Question

The rate constant for a first-order reaction is \( 0.0693 \, \text{min}^{-1} \). What is the half-life of the reaction?

• A. \( 5 \, \text{min} \)
• B. \( 10 \, \text{min} \)
• C. \( 15 \, \text{min} \)
• D. \( 20 \, \text{min} \)

Hint:

For first-order reactions, the half-life is independent of the initial concentration and can be quickly calculated using \( t_{1/2} = \frac{\ln 2}{k} \).

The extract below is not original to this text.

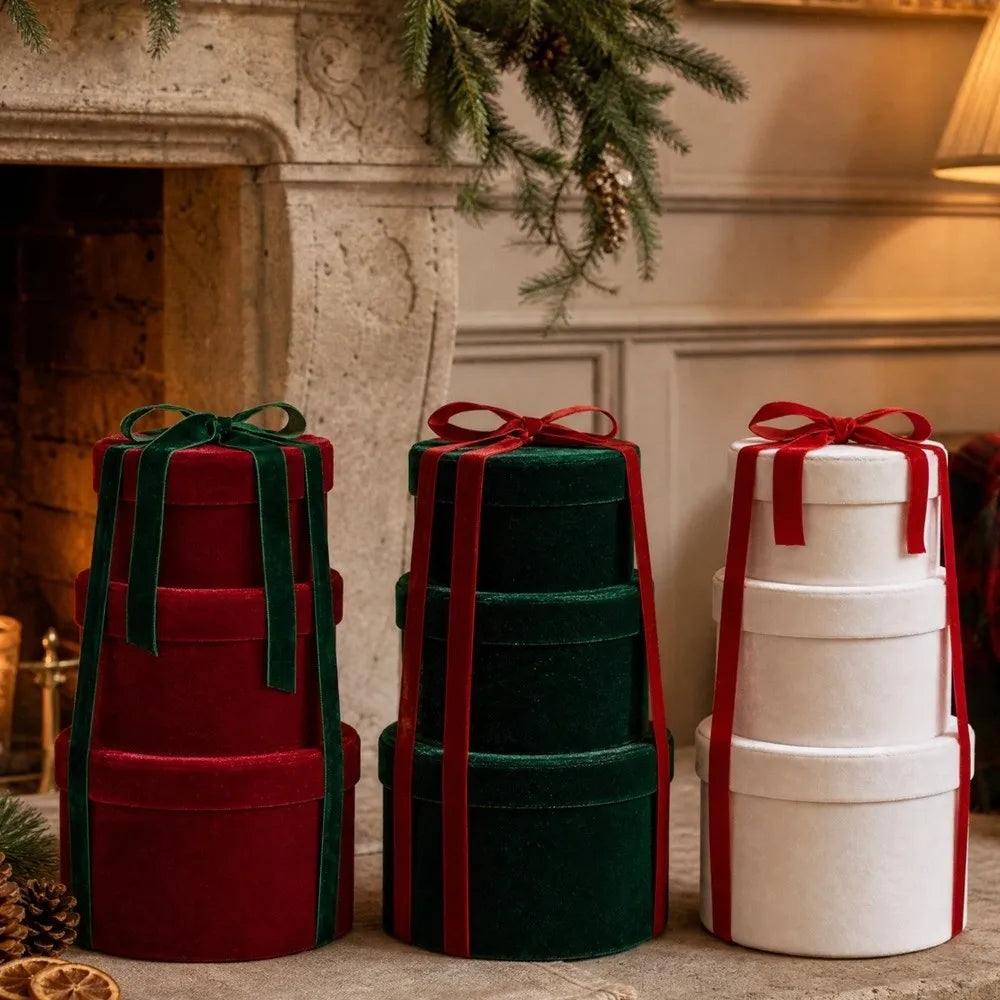 Set of 3 Velvet Round Christmas Gift Boxes – Assorted Sizes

Memorize \( \ln 2 \approx 0.693 \) for efficiency.

Answer 1

The Correct Option is B

For a first-order reaction, the half-life (\( t_{1/2} \)) is given by the formula:
\[ t_{1/2} = \frac{\ln 2}{k} \] Where:
- \( k = 0.0693 \, \text{min}^{-1} \) (rate constant),
- \( \ln 2 \approx 0.693 \).
Substitute the values:
\[ t_{1/2} = \frac{0.693}{0.0693} \] \[ t_{1/2} \approx \frac{0.693}{0.0693} \approx 10 \, \text{min} \] To confirm:
\[ 0.693 \div 0.0693 = \frac{693}{69.3} = 10 \] Thus, the half-life of the reaction is \( 10 \, \text{min} \).